Mit unserem Bus aus Tena kommen wir gegen 15 Uhr in Baños an und müssen erstmal eine Bleibe suchen. Meistens buchen wir etwas online vor, da unserer Erfahrung nach der Preis oft besser ist als vor Ort und wir uns außerdem den Aufwand des Suchens ersparen. Dieses Mal aber haben wir dort nichts passendes gefunden. Außerdem ist Baños klein und es gibt eine Recht hohe Hosteldichte. Also gehen wir davon aus, dass wir schnell etwas passendes finden sollten. Unsere drei Kriterien sind dabei: Sauberkeit, von Einheimischen betrieben bzw. in Besitz und möglichst günstig. Und tatsächlich, wir werden schnell fündig. Direkt am Terminal steigen wir im Grand Imperio ab. Der Name ist zwar nicht Programm, aber das Zimmer ist in Ordnung und immerhin nicht teurer als unser günstigster Fund auf den einschlägigen Onlineportalen. Wir entschließen uns, doch wieder häufiger zu versuchen, ein Zimmer erst vor Ort zu finden. Letztendlich ist es für beide Seiten gut, denn so vermeiden wir, dass die Unterkünfte eine Provision entrichten müssen.

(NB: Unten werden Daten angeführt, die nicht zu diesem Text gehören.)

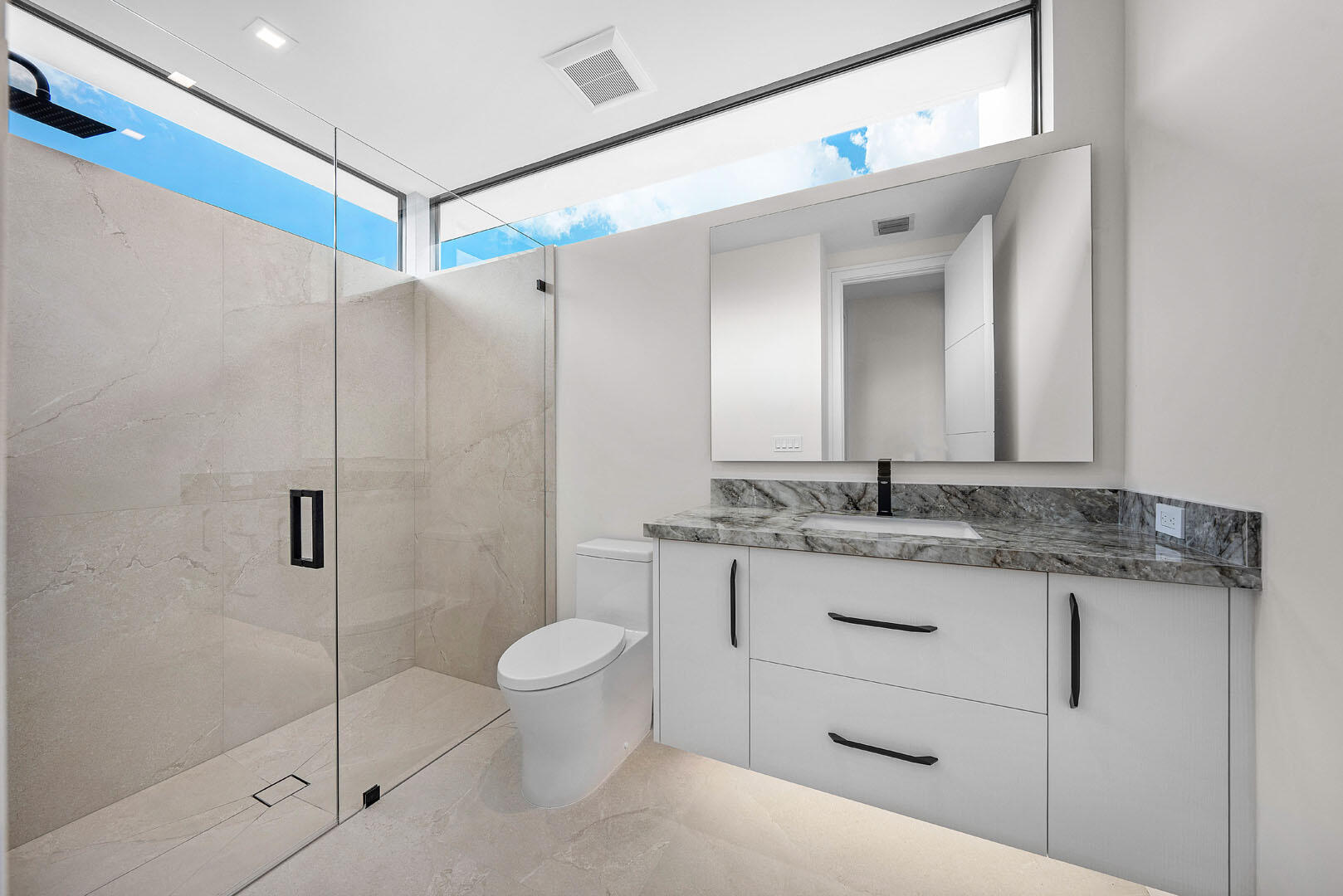 191 Coconut Palm Road Boca Raton, FL 33432 - Photo 54 of 81 a bathroom with a granite countertop sink a toilet and a mirror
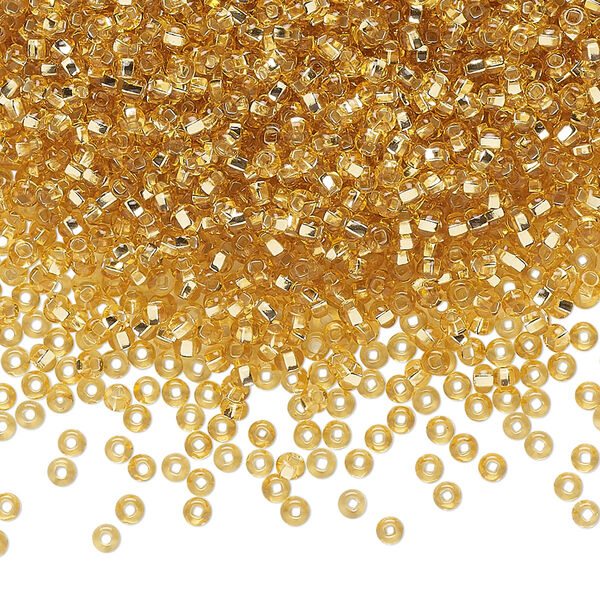 Seed bead, Preciosa Ornela Czech glass, pkg/500g, #11 rocaille, transparent silver-lined light topaz, (17020). image number 0
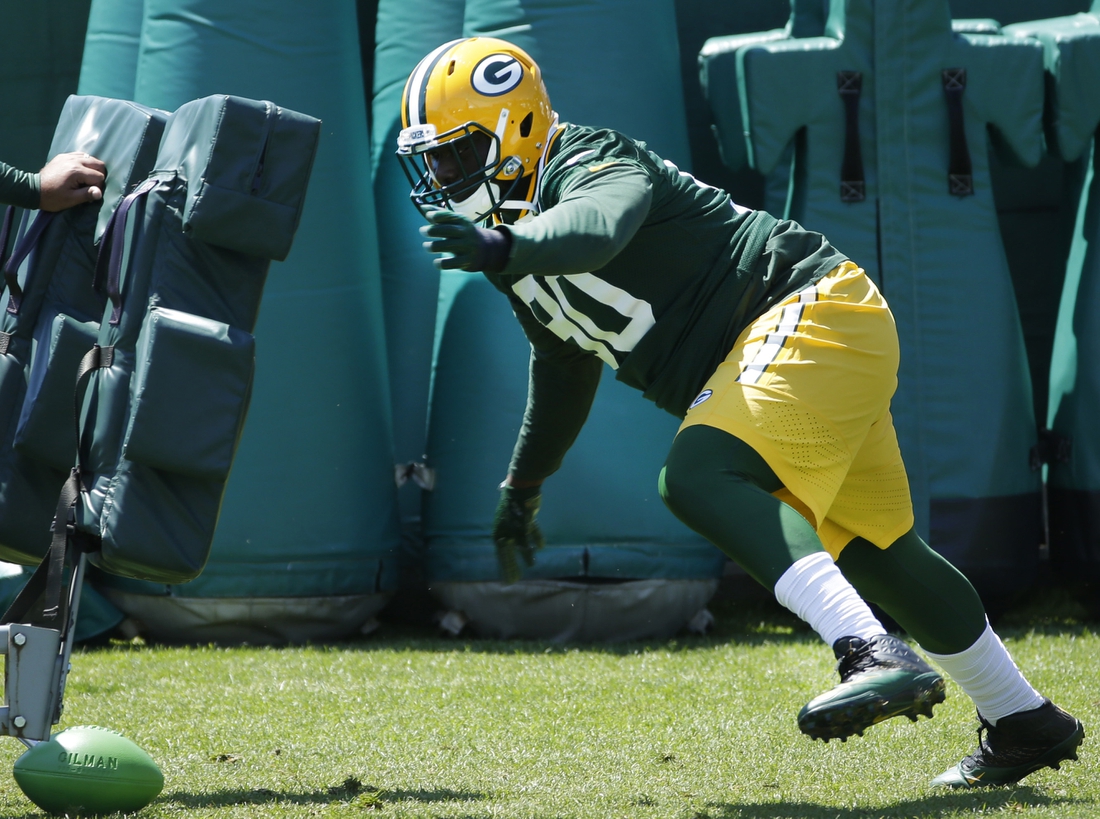June 1, 2016; Green Bay, WI, USA; Green Bay Packers defensive tackle Montravius Adams (90) participates in drills during organized team activities. Mandatory Credit: Mark Hoffman/Milwaukee Journal Sentinel via USA TODAY NETWORK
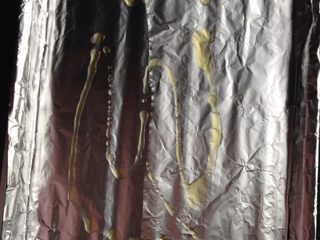 6、孜然烤土豆片,如图准备烤盘铺上锡纸，并在上面撒少许油，用勺子涂匀，以防土豆烤制时粘盘底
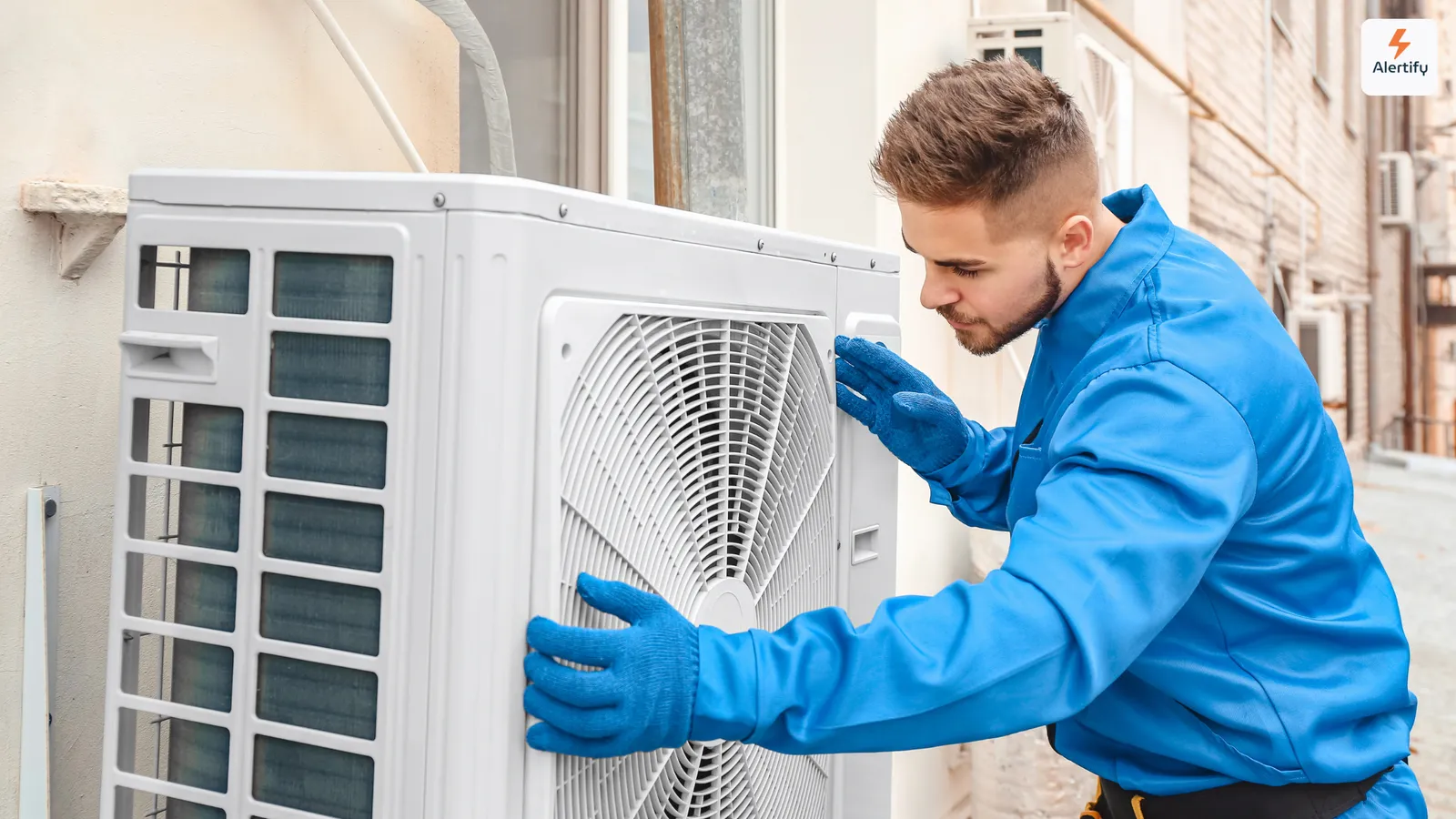 Técnico de AVAC de fato-macaco azul e luvas a fazer a manutenção de uma unidade exterior de ar condicionado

Nach der Ankunft recherchieren wir kurz im Internet, was es in Baños zu tun gibt. Unser Abendprogramm steht so relativ schnell: Wir werden im hiesigen Thermalbad nochmal unser Glück versuchen. Hoffentlich ist das Wasser dieses Mal auch warm. Also packen wir unsere Badesachen zusammen und machen uns auf den Weg. Unterwegs informieren wir uns in einigen der zahllosen Agenturen über die angebotenen Touren und vergleichen die Preise, damit wir im warmen Wasser den nächsten Tag planen können. Als wir an der Kasse des Thermalbades stehen, wird uns jedoch erstmal klar gemacht, dass Badekappen Pflicht sind. Doch zum Glück ist die Besitzerin des nebenan gelegenen Ladens eine findige Geschäftsfrau und so verleiht sie Modelle in allen möglichen Farben. Kurze Zeit später stehen wir fertig umgezogen mit unseren Badekappen (in türkis/rot und schwarz/weiß) in der kühlen Abendluft und überlegen, in welches der leicht antik anmutenden Becken wir zunächst springen. Kurz kommt der Gedanke auf, dass ob der braunen Farbe des Wassers und der vielen Kinder in den Becken die Badekappen vermutlich nicht den relevantesten Beitrag zur Hygienesituation leisten. Aber egal, wir entscheiden uns für ein kleines Becken, in dem die am entspanntesten aussehenden Badenden sitzen und werden nicht enttäuscht. Es ist ziemlich heiß. Während wir gemütlich im Wasser sitzen, bewundern wir das erstklassige Panorama. Direkt hinter uns rauscht ein bestimmt 100m hoher Wasserfall die Felswand herunter. Vor uns erstrecken sich die grün bewachsenen Berge, zwischen denen gerade die feuerrote Sonne untergeht. Während der Himmel sich langsam mit allen Rottönen füllt, merken wir, dass wir es nicht sehr lange im Wasser aushalten. Wir wundern uns über die älteren Herren und Damen, die gefühlt nie das Becken verlassen. Aber wahrscheinlich ist das nur Übung, das Thermalbecken scheint nämlich das hiesige Äquivalent einer öffentlichen Sauna zu sein. Man kennt sich und die paar Gringos, die nichts aushalten, werden interessiert gemustert. Wir springen also ins nächste Becken und hier können wir es länger aushalten. Es ist perfekt temperiert. Bevor wir nochmal ins heiße Becken wechseln, lässt Max es sich nicht nehmen, unter dem Wasserfall zu duschen und eine runde im kalten Becken zu schwimmen. Auf dem Rückweg kaufen wir noch Brot und Käse für das Abendessen ein, da es im Grand Imperio leider keine Küche gibt. Außerdem buchen wir noch zwei Touren für den nächsten Tag.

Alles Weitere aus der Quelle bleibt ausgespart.